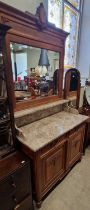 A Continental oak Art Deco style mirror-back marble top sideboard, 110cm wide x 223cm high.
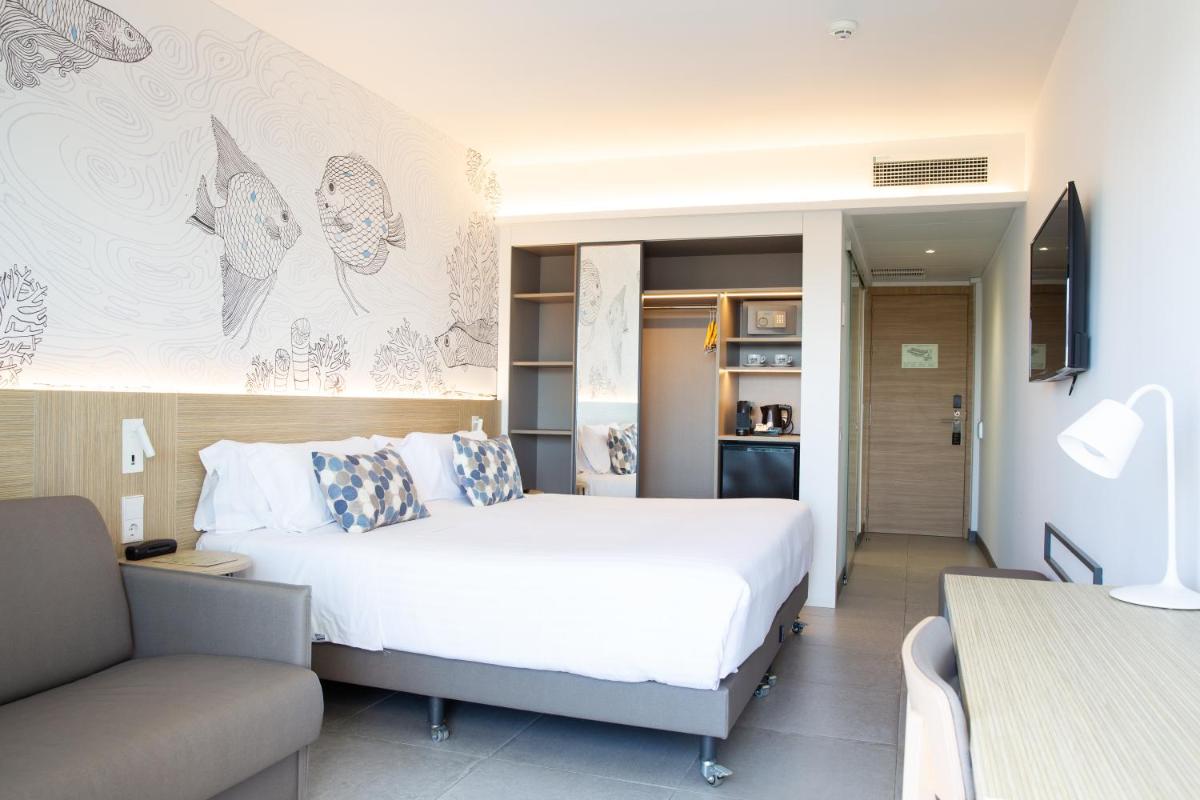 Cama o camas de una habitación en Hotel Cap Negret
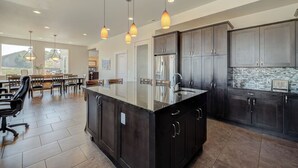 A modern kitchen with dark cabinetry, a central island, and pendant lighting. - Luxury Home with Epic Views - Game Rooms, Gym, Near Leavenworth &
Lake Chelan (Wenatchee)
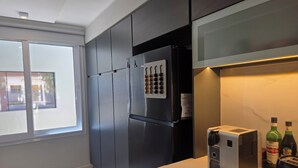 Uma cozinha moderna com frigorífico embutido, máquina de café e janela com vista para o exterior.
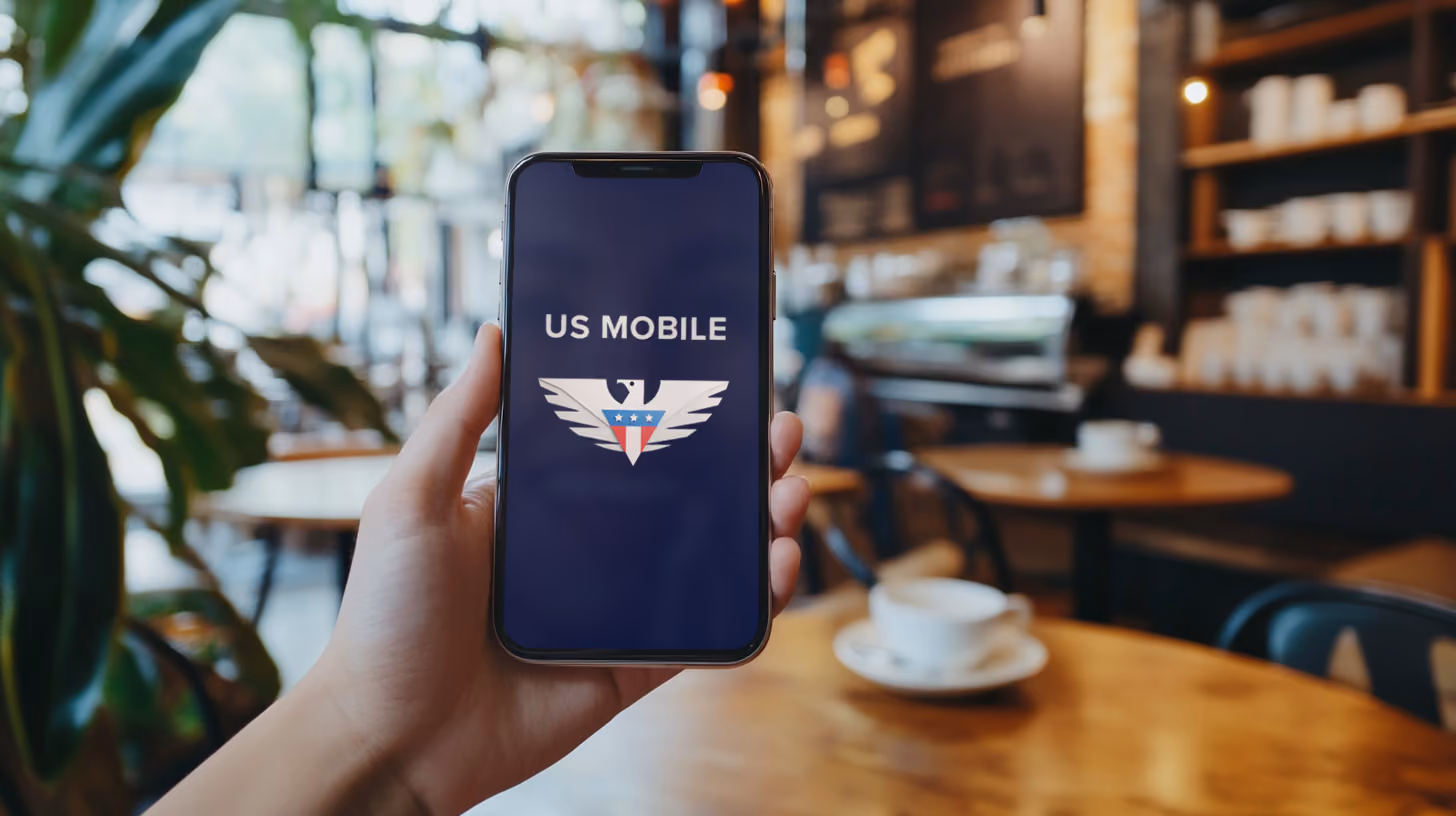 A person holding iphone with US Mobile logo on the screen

-- -- --

Restate the data above word for word. Do not include the images.

- [Answer for this exercise]
 A Continental oak Art Deco style mirror-back marble top sideboard, 110cm wide x 223cm high.
 Cama o camas de una habitación en Hotel Cap Negret
 A modern kitchen with dark cabinetry, a central island, and pendant lighting. - Luxury Home with Epic Views - Game Rooms, Gym, Near Leavenworth &
Lake Chelan (Wenatchee)
 Uma cozinha moderna com frigorífico embutido, máquina de café e janela com vista para o exterior.
 A person holding iphone with US Mobile logo on the screen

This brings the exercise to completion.